Rozmyty, drżący duch na ekranach mógł równie dobrze być wzięty za awarię sprzętu. Albo przegapiony przez zmęczonych radarzystów.
– Pułkowniku? – Głos komandor Minervy Hayden wyrwał oficera z chwilowego
odrętwienia. Kobieta podała mu datapad. – Mamy wstępną analizę na podstawie danych, które pan dostarczył. Przy tym stanie wraku trudno być tego pewnym, ale taktyczni twierdzą, że to „Skowronek”.
Brisbane skinął głową i spojrzał na ekran urządzenia.
„Skowronek”. Okręt widmo. Lekki niszczyciel, nowy jeszcze, kiedy wyruszał w rejs, który miał być jego ostatnim. Według papierów wywiadu oprócz ściśle tajnego ładunku i pasażerów na pokładzie znajdowała się tylko szkieletowa dwudziestosześcioosobowa załoga.

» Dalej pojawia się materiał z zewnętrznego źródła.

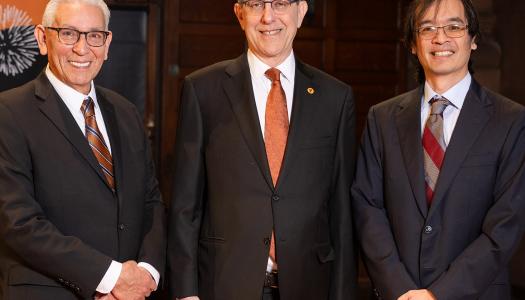 Kevin Gover, President Eisgruber and Terence Tao pose side0by-side in Richardson Auditorium.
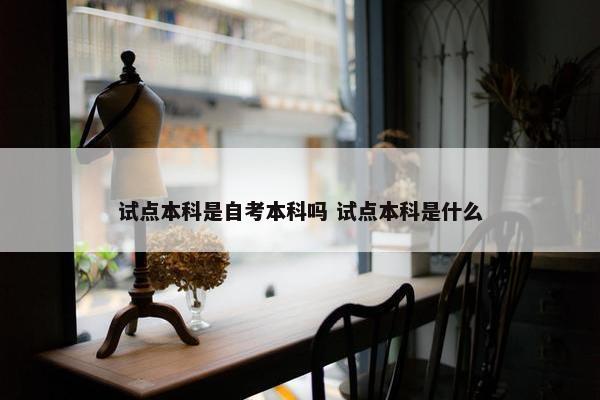 试点本科是自考本科吗 试点本科是什么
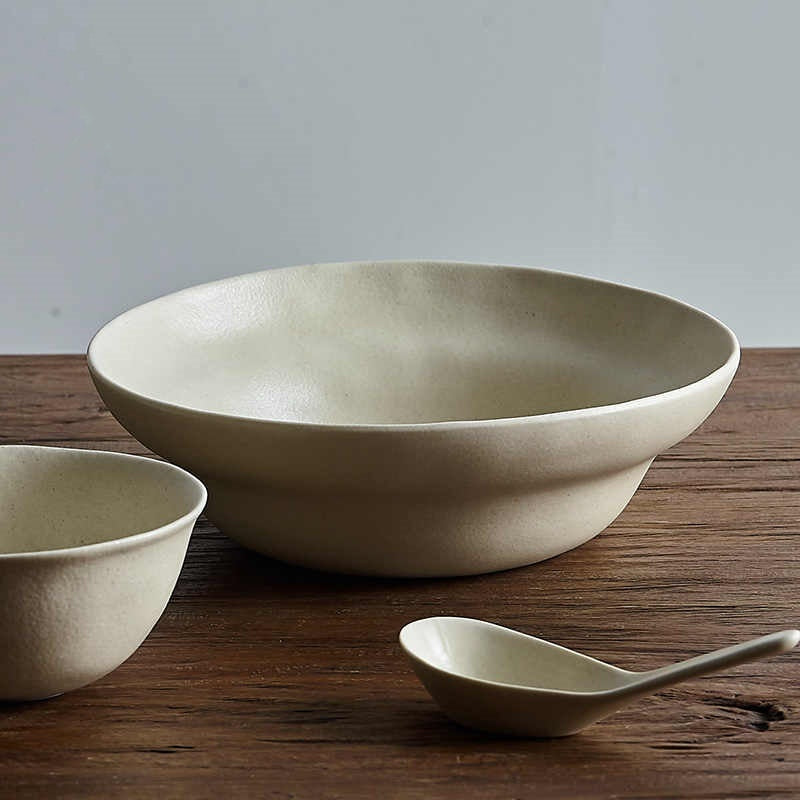 White Pottery Matte Soup Bowl - Minimal Fruit Salad Bowl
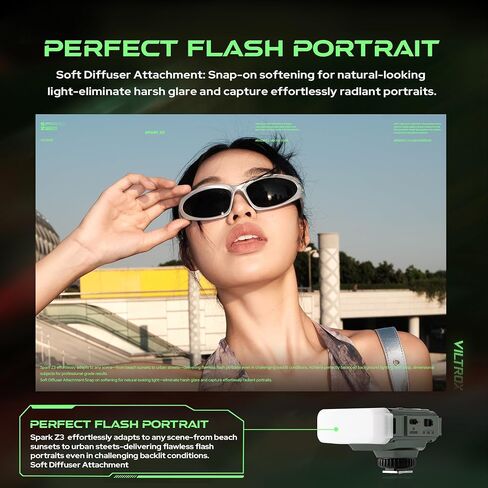 فلاش كاميرا VILTROX Spark Z3 TTL، 650 ومضة كاملة الطاقة 26 وات/ثانية، 1 ثانية إعادة تدوير Speedlite مع 7 مستويات فلاش لكاميرات Fuji Nikon (أخضر، Z3-F) in Kuwait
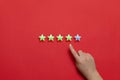 Evaluation of the provision of services. Customer Service Rating. Five stars on a red background Royalty Free Stock Photo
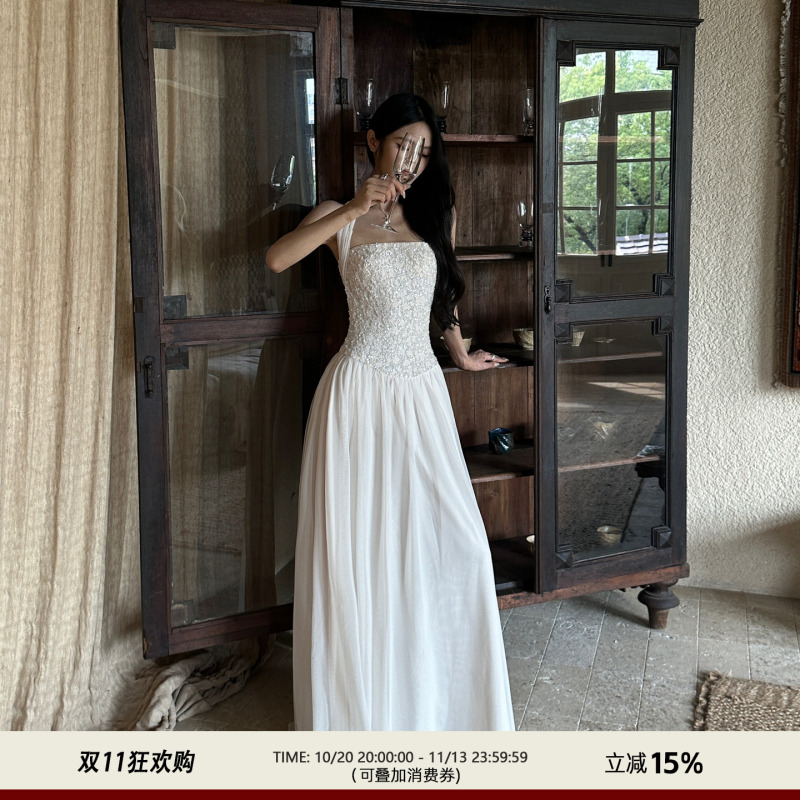 Venuie Sequin Sleeveless Halter Dress Birthday Engagement Dress White Slim Fit Large A-Line Elegant Long Dress Venuie Sequin Sleeveless Halter Dress Birthday Engagement Dress White Slim Fit Large A-Line Elegant Long Dress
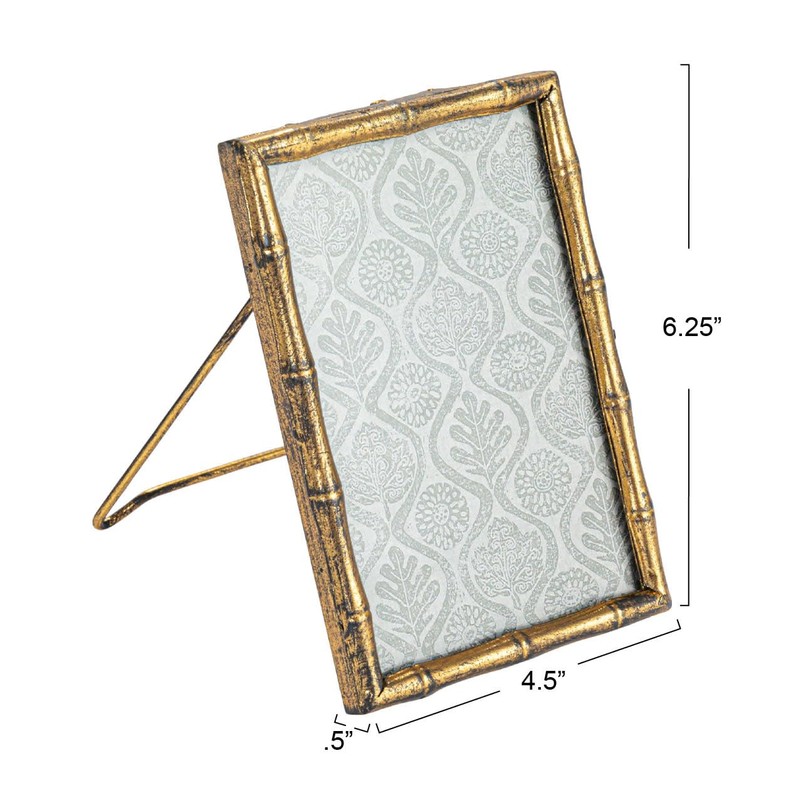 Creative Co-Op Metal and Reclaimed Wood Photo Frame, Gold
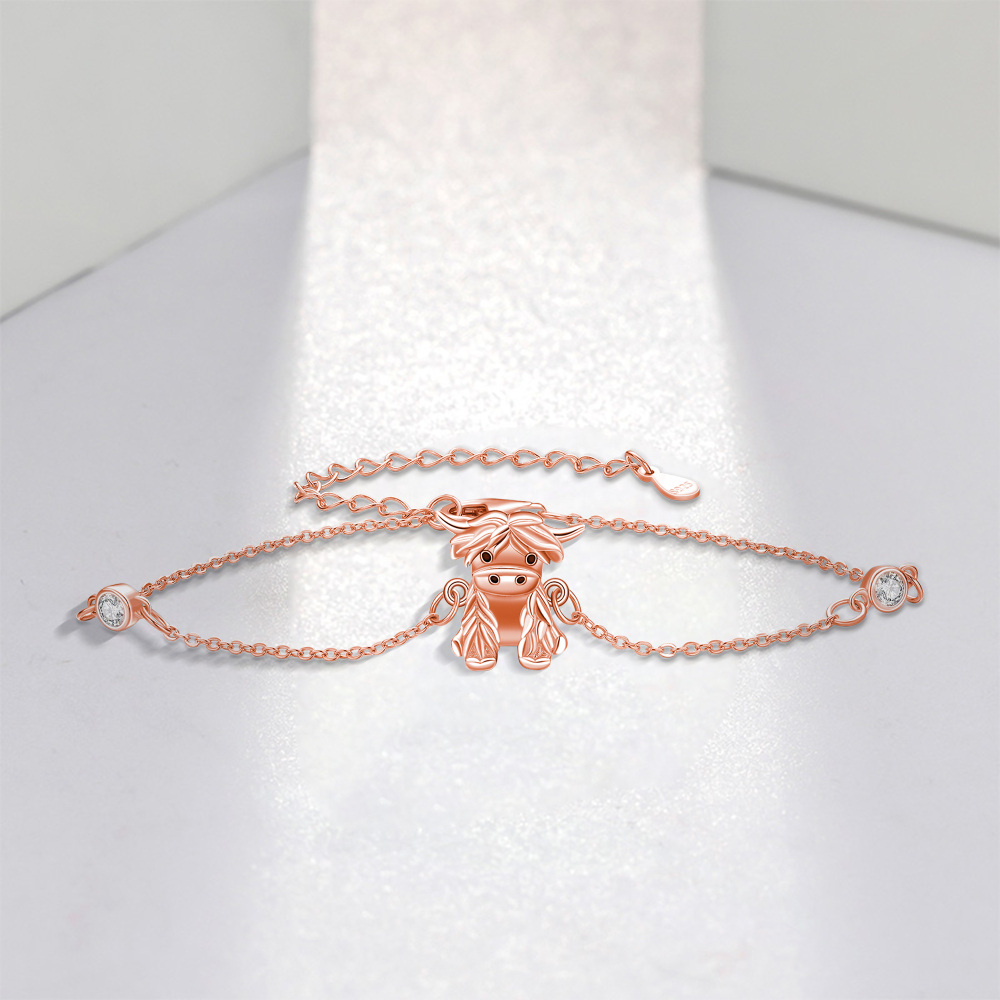 Sterling Silver with Rose Gold Plated Cubic Zirconia Highland Cow Charm Bracelet-5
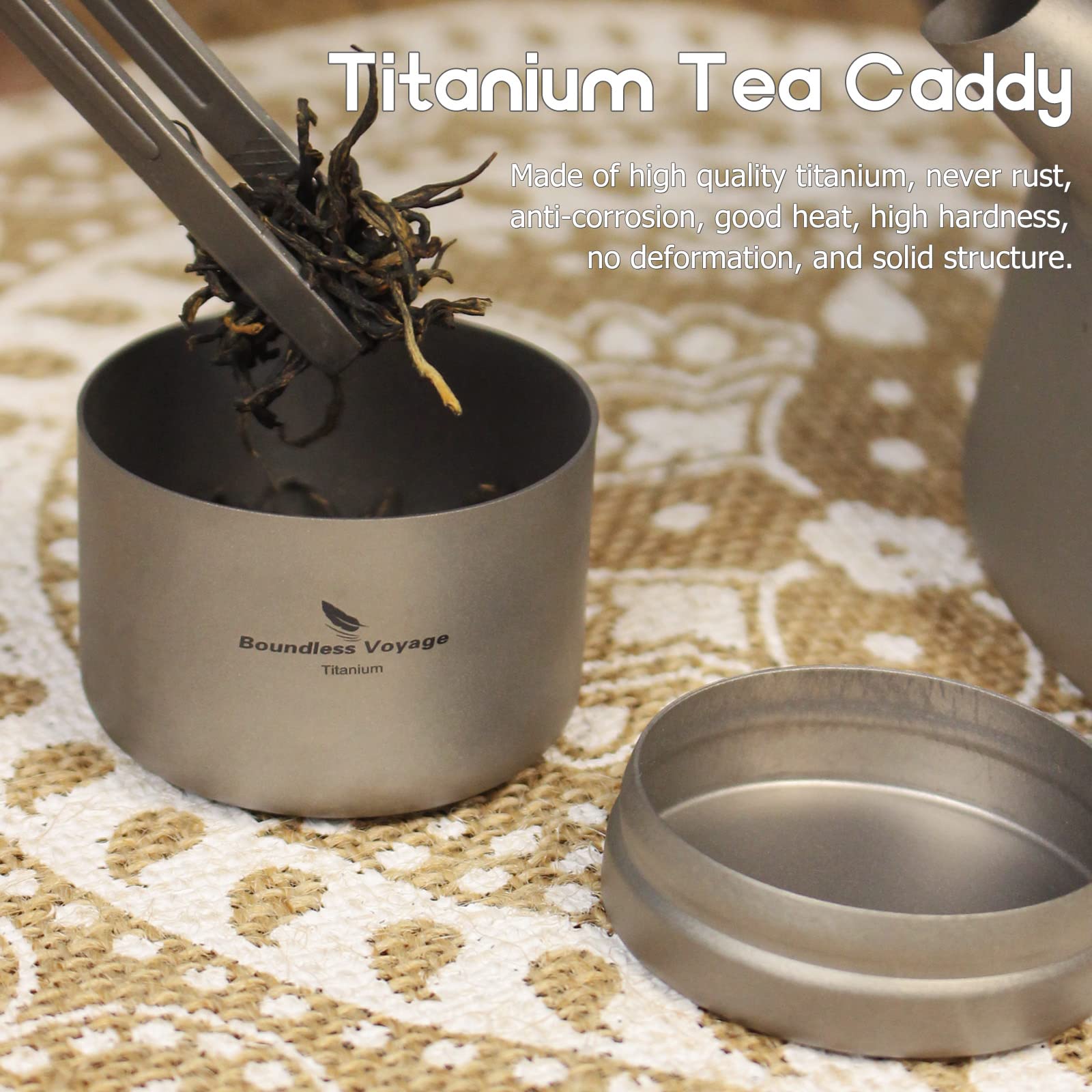 Boundless Voyage 35ml Titanium Tea Canister - Ultralight Portable Storage Container for Coffee, Tea & Spices | Airtight Camping & Hiking Accessory | Perfect for Outdoor Adventures, Travel & Kitchen Organization (Model: A-Ti3200D)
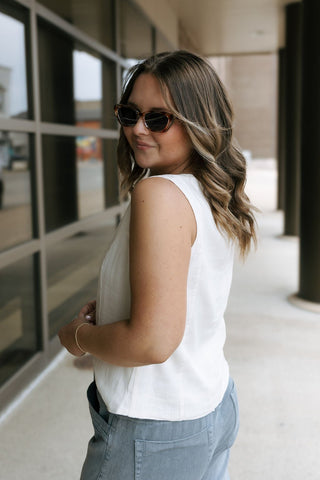 Anastasia Vest, White *final sale - The Red Thread Boutique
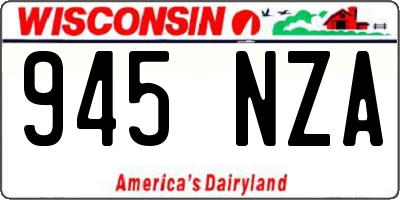 WI license plate 945NZA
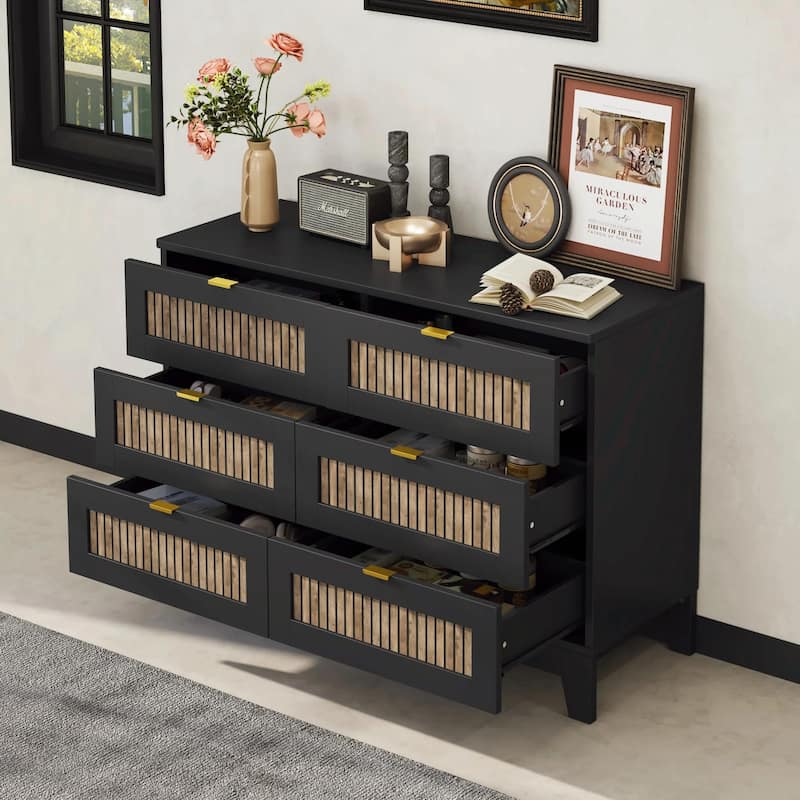 Rustic Farmhouse Style Wooden Dresser with 6 Drawers and Metal Handles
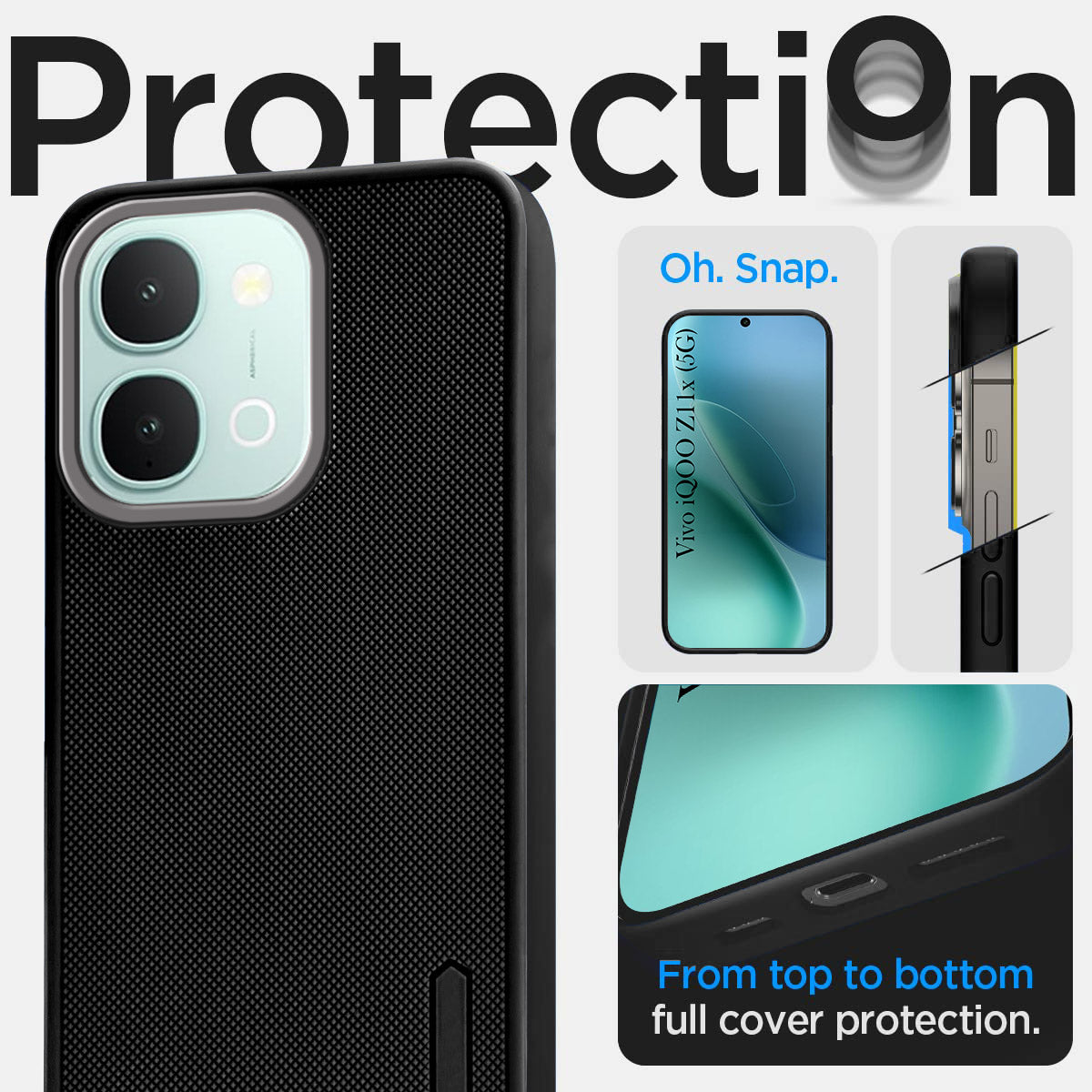 For Vivo iQOO Z11x 5G Back Cover Case Rubberised (Textured Grip Design | Micro-Fiber Cloth Inside | Slim and Light Weight | Soft Touch and Feel)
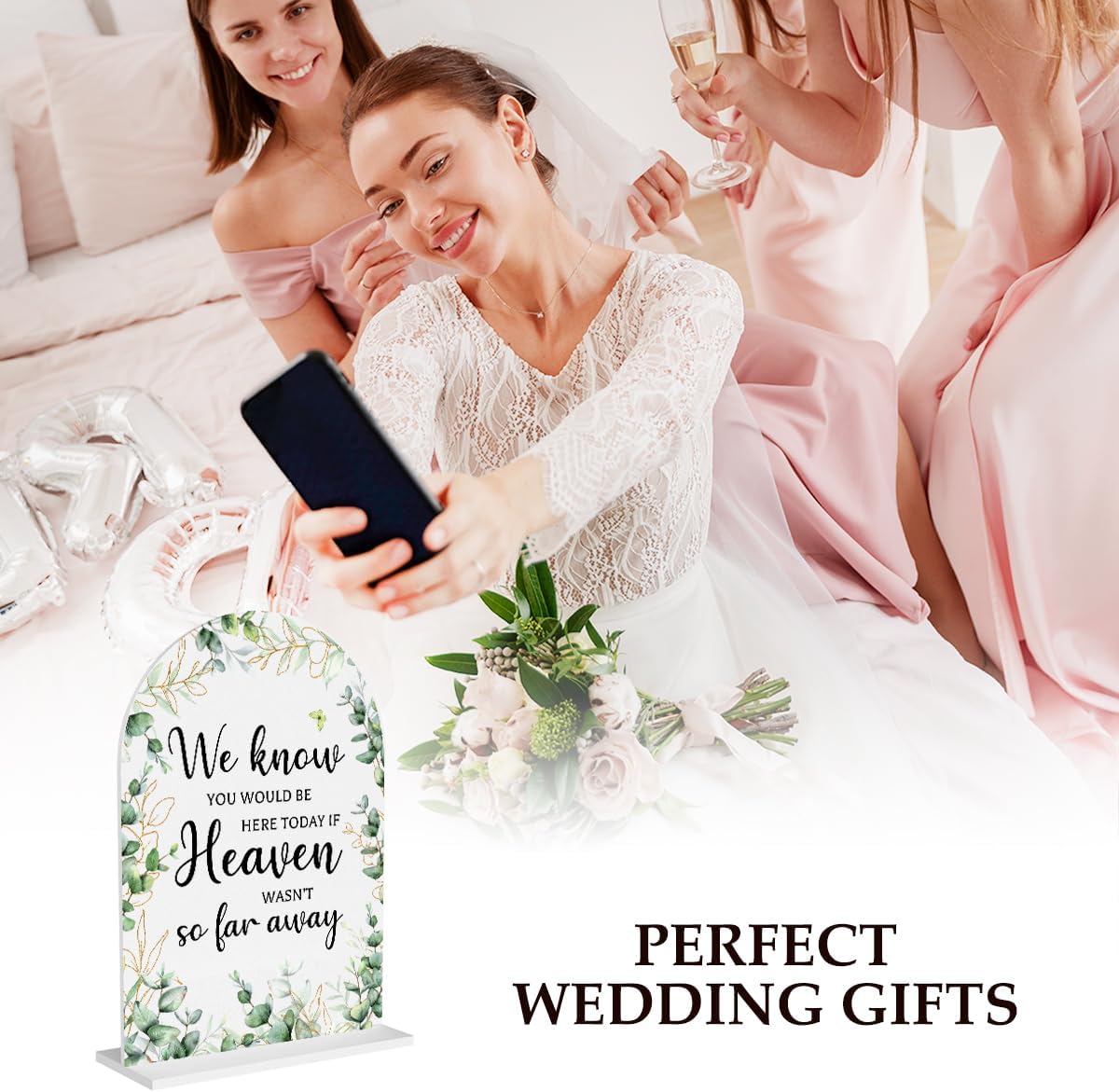Heaven Wasnt So Far Away Wedding Sign 5x7 Inch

Tak było siedemnastego grudnia 2204 roku, dokładnie na tydzień przed Dniem.
Zwyczajny pech.
A potem wszystko się rozpadło, Ziemia zginęła pod termonuklearnymi uderzeniami
przeprowadzonymi przez oszalałe nagle Sztuczne Inteligencje, floty kolonialne zdziesiątkowały się nawzajem podczas Bitwy na Pogorzelisku...
Właściwie nie wiadomo było, co „Skowronek” napotkał podczas podróży. Może wroga,
a może po prostu Chiński Wirus rozpruł jego pokładowe SI, tak jak wszystkie pozostałe. Dość, że do portu przeznaczenia nigdy nie dotarł.
Zresztą baza testowa Działu Rozwoju Floty już wtedy nie istniała. Podobnie jak dziewięć dziesiątych ludzkości spłonęła w ogniu wojny, która wybuchła po śmierci Ziemi. Wraz z nią zaginęły wszelkie zapisy o okręcie. Niszczyciela nawet nikt nie szukał.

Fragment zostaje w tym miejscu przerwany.